Una laughed, in her loud, unaffected way.
‘No,’ she said, ‘you mustn’t ridicule your own people that way. The English have done many fine and wonderful things in this world. But father says the moment the name ‘Ireland’ is mentioned, they bid goodbye to their humanity and common sense. He says they act like tyrants towards the Irish.’
‘I’ve heard my father say that whatever’s good for England is bad for Ireland and vice-versa,’ Kate said.
‘But I remember my father once saying that if more of the world was English, it would be a better place.’
‘I don’t suppose he believes that now,’ Kate said.
‘I think he still half believes it. We are still a part of the Empire, even if we are forgotten.’
‘How odd you should say that,’ Kate said. ‘Somebody once said that to me— ’ She stopped and looked away.
‘Go on, Kate,’ said Una, laughing. ‘Who was he? Your lover. Tell me he was your lover.’
Kate took Una’s hand. ‘No!’ she said. ‘Not my lover. He was someone I was very fond of. I didn’t love him, not as you might expect. Had he lived he would have been more like a brother.’
‘Tell me.’
‘To tell you a little of it would not be enough and to tell you more might be unwise.’

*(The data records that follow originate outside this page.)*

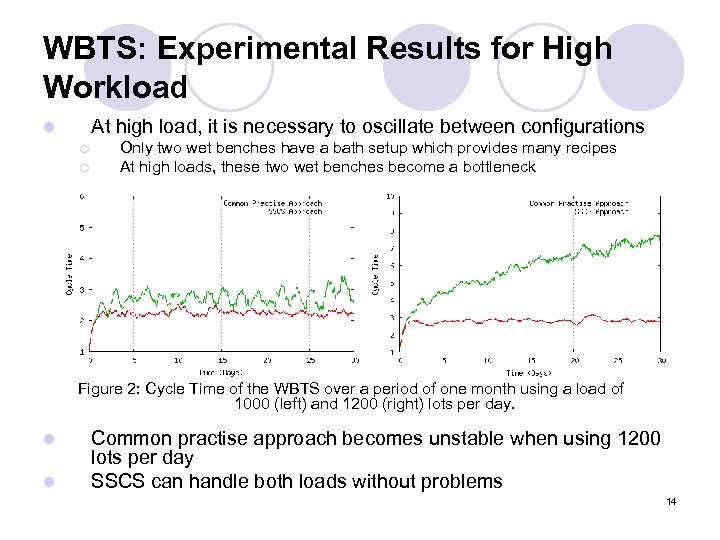 WBTS: Experimental Results for High Workload At high load, it is necessary to oscillate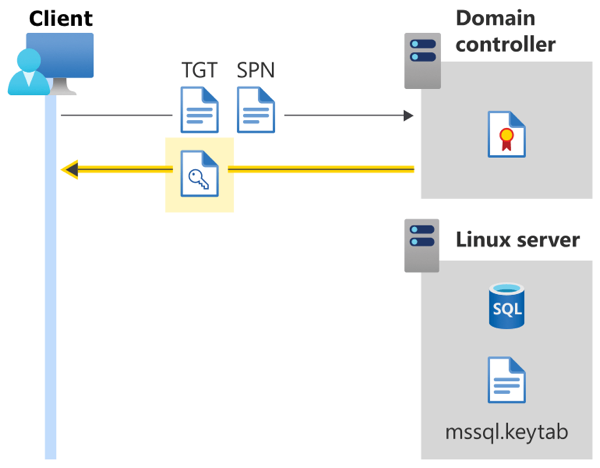diagram som visar služba Active Directory-autentisering för SQL Server i Linux – sessionsnyckel som returneras till klienten av domänkontrollanten.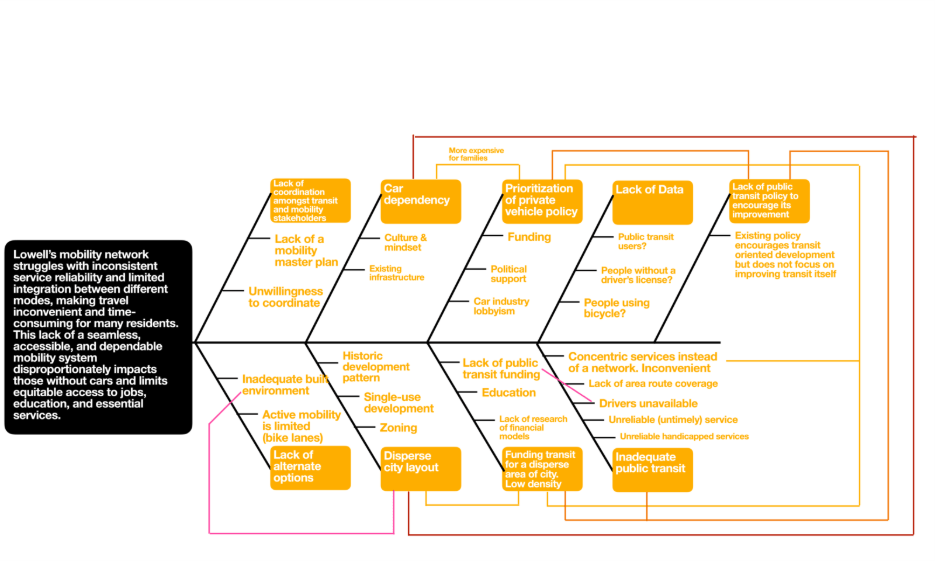 Fishbone diagram of Lowell's mobility network challenges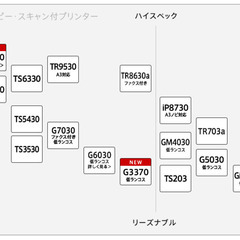 ＜美品＞キヤノン Canon TR8630a インクジェット複合機 TRシリーズ＜未使用黒インク付き＞★引き取り限定(東陽町)★ の画像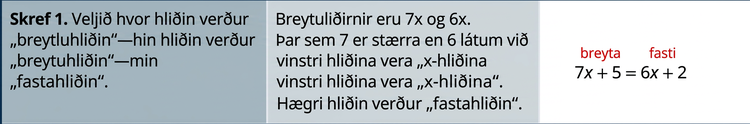 Myndin sýnir töflu með þremur dálkum og fjórum línum. Fyrsti dálkurinn er fyrirsagnardálkur og þar eru heiti og númer skrefanna. Í öðrum dálki eru nánari skriflegar leiðbeiningar og í þeim þriðja er stærðfræði. Í efstu línunni stendur í fyrsta reitnum vinstra megin: „Skref 1. Veljið hvor hliðin verður breytuhlið; hin verður fastahlið.“ Í öðrum reitnum stendur: „Breytuliðirnir eru 7x og 6x. Þar sem 7 er stærra en 6 veljum við vinstri hliðina sem x-hlið og þá verður sú hægri fastahlið.“ Í þriðja reitnum er jafnan 7x plús 5 er jafnt og 6x plús 2. Vinstri hliðin er merkt með rauðu sem „breytuhlið“ og sú hægri með rauðu sem „fastahlið“.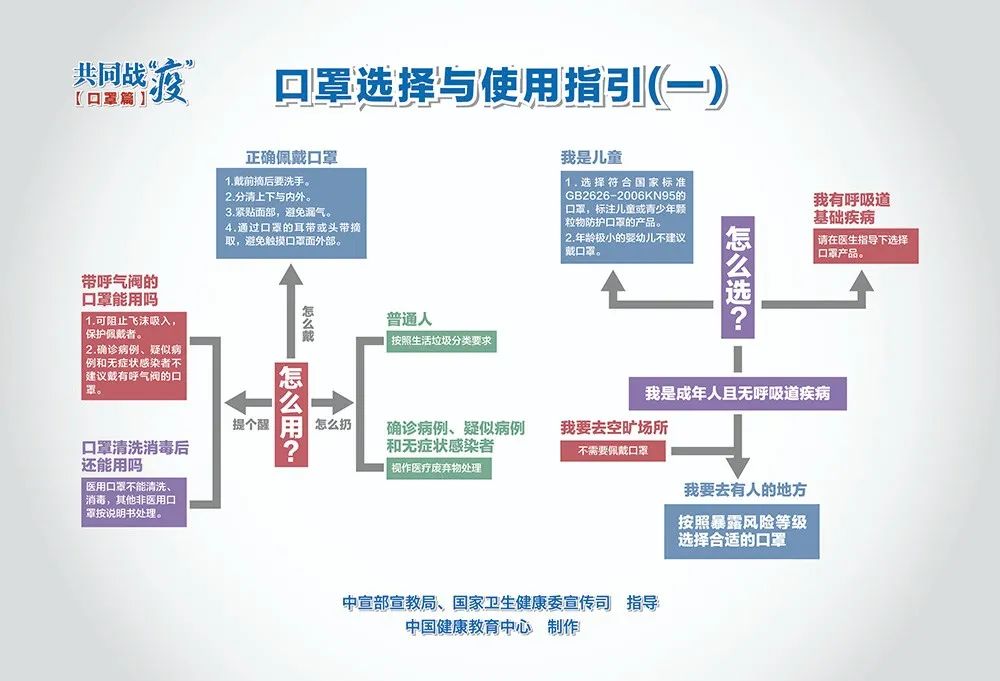 疫情防控關(guān)鍵期，這些重點要記牢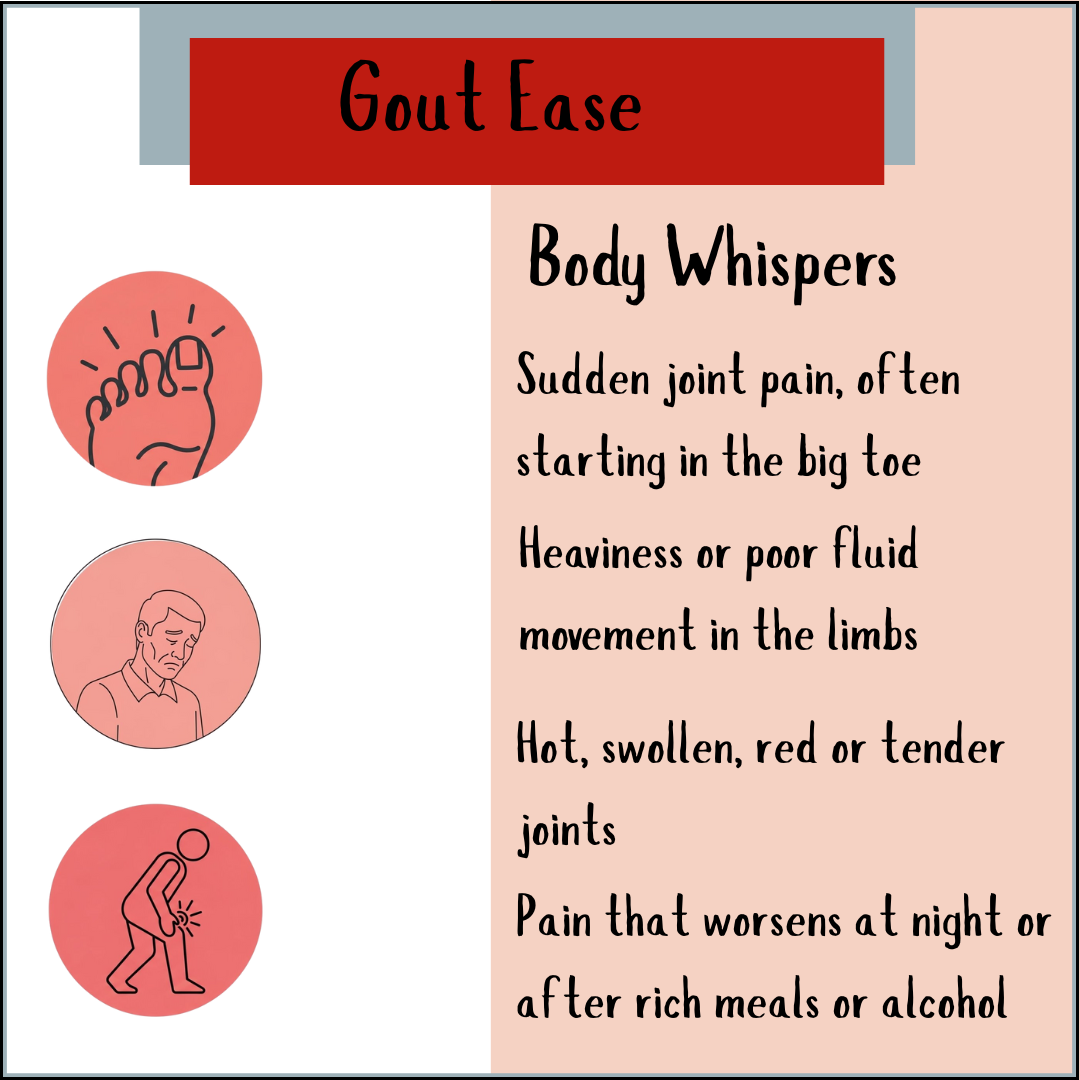 Infographic titled "Gout-Ease Tincture - 200/300ml" lists symptoms like joint pain, swelling, and worse pain at night or after meals, plus tips to lower uric acid for improved gout relief.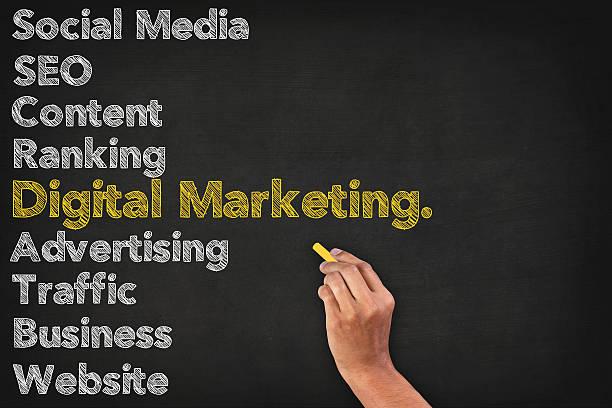 Affordable Digital Marketing Agency in Delhi with Proven... thumbnail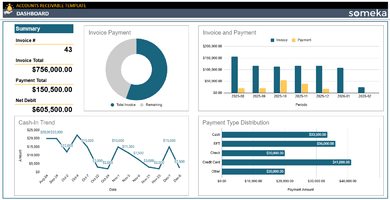 Accounts Receivable Google Sheets Template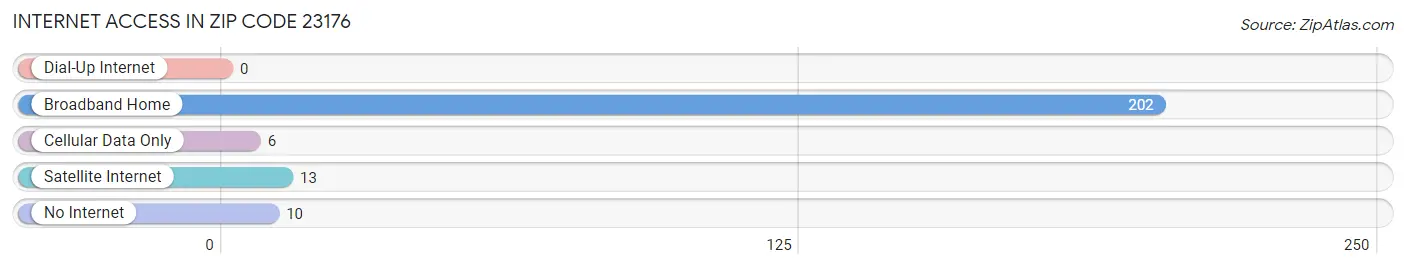 Internet Access in Zip Code 23176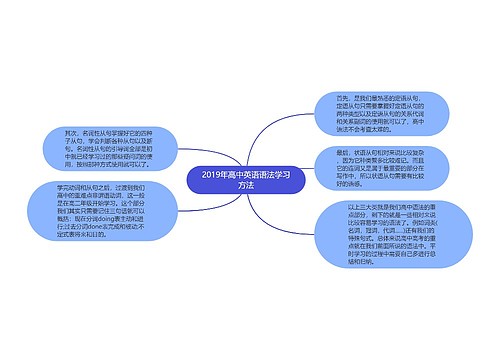 2019年高中英语语法学习方法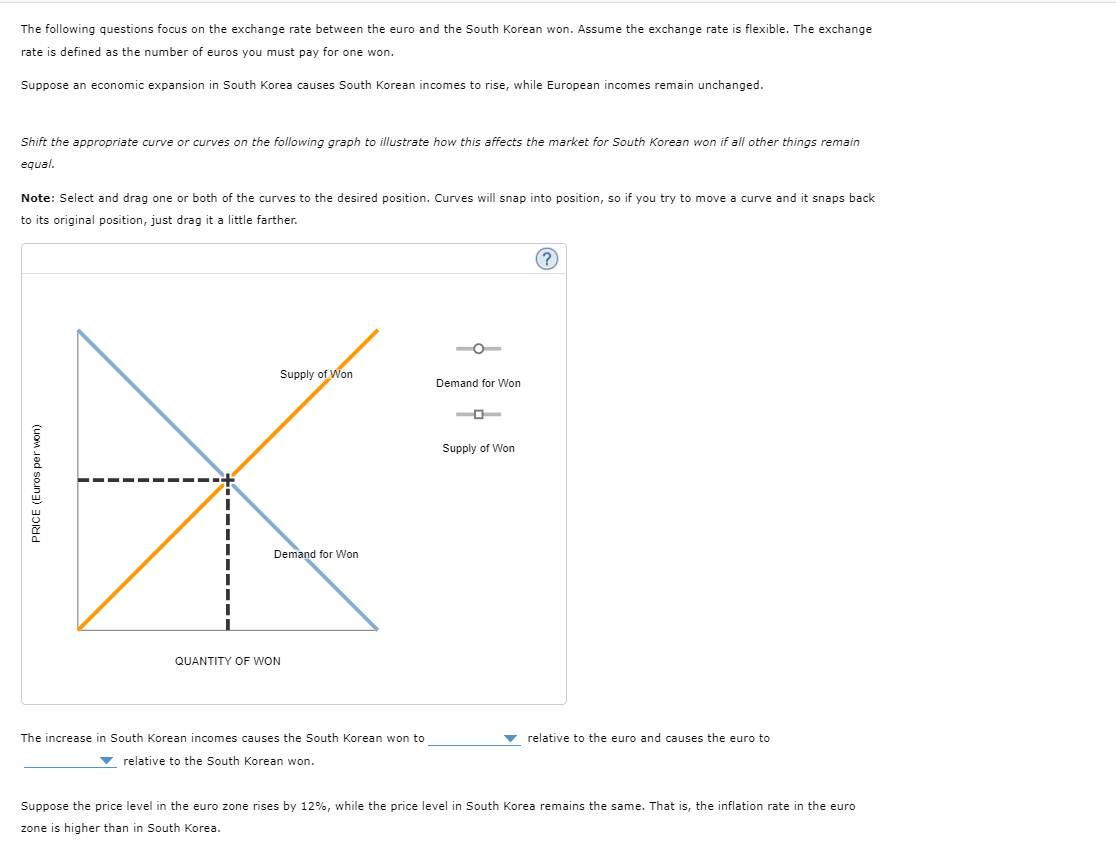 PRICE (Euros per won)
The following questions focus on the exchange rate between the euro and the South Korean won. Assume the exchange rate is flexible. The exchange
rate is defined as the number of euros you must pay for one won.
Suppose an economic expansion in South Korea causes South Korean incomes to rise, while European incomes remain unchanged.
Shift the appropriate curve or curves on the following graph to illustrate how this affects the market for South Korean won if all other things remain
equal.
Note: Select and drag one or both of the curves to the desired position. Curves will snap into position, so if you try to move a curve and it snaps back
to its original position, just drag it a little farther.
QUANTITY OF WON
Supply of Won
Demand for Won
Demand for Won
Supply of Won
(?)
The increase in South Korean incomes causes the South Korean won to
relative to the South Korean won.
relative to the euro and causes the euro to
Suppose the price level in the euro zone rises by 12%, while the price level in South Korea remains the same. That is, the inflation rate in the euro
zone is higher than in South Korea.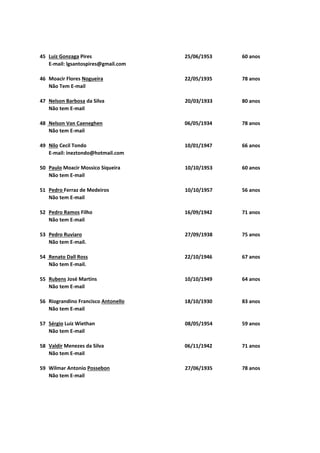45 Luiz Gonzaga Pires
E-mail: lgsantospires@gmail.com

25/06/1953

60 anos

46 Moacir Flores Nogueira
Não Tem E-mail

22/05/1935

78 anos

47 Nelson Barbosa da Silva
Não tem E-mail

20/03/1933

80 anos

48 Nelson Van Caeneghen
Não tem E-mail

06/05/1934

78 anos

49 Nilo Cecil Tondo
E-mail: ineztondo@hotmail.com

10/01/1947

66 anos

50 Paulo Moacir Mossico Siqueira
Não tem E-mail

10/10/1953

60 anos

51 Pedro Ferraz de Medeiros
Não tem E-mail

10/10/1957

56 anos

52 Pedro Ramos Filho
Não tem E-mail

16/09/1942

71 anos

53 Pedro Ruviaro
Não tem E-mail.

27/09/1938

75 anos

54 Renato Dall Ross
Não tem E-mail.

22/10/1946

67 anos

55 Rubens José Martins
Não tem E-mail

10/10/1949

64 anos

56 Riograndino Francisco Antonello
Não tem E-mail

18/10/1930

83 anos

57 Sérgio Luiz Wiethan
Não tem E-mail

08/05/1954

59 anos

58 Valdir Menezes da Silva
Não tem E-mail

06/11/1942

71 anos

59 Wilmar Antonio Possebon
Não tem E-mail

27/06/1935

78 anos

 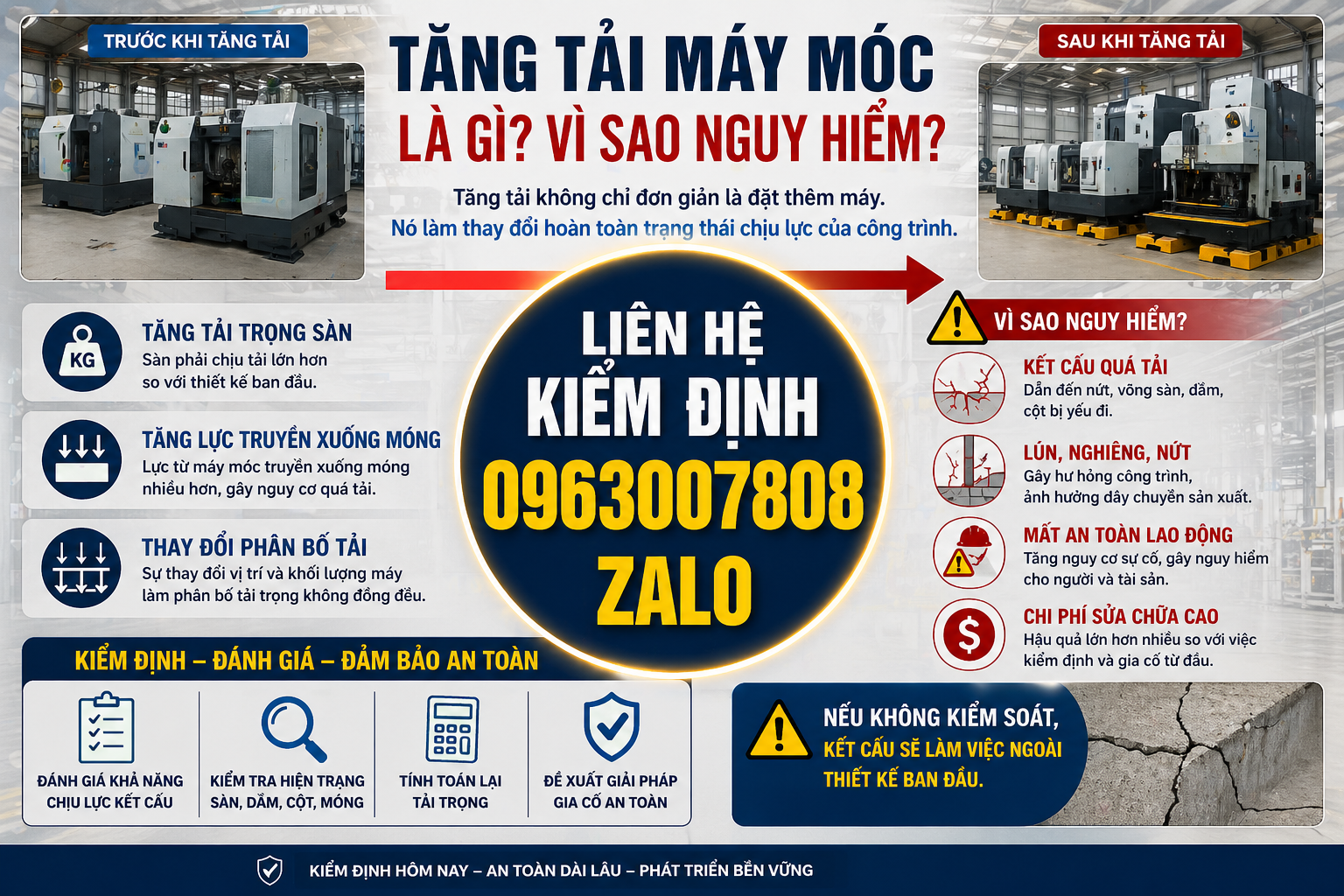 Tăng tải máy móc nhà xưởng gây quá tải kết cấu sàn móng và tiềm ẩn nguy cơ mất an toàn công trình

‘You make it sound very serious, Kate.’
‘It is. Or rather, it was.’
‘Kate, we are friends,’ said Una, ‘You can trust me. Do trust me. Share it with me. We can become allies.’
They had been Shelley’s same words on the day he left Cork, the last time Kate saw him. Her reservations about confiding in Una faded with those words.
They sat in the shade of the oak on that hot summer morning and Kate told of her conspiracy with a young English captain who had become a traitor in Ireland’s cause, of Edward Ogilvie and his bullwhip, of Eugene and his encyclopaedia and finally of Keegan’s little schoolroom. When Kate had finished her telling, she and Una hugged each other and it was agreed: they would ride to Kinsale together and there Kate would introduce Keegan and his class to her new friend and ally.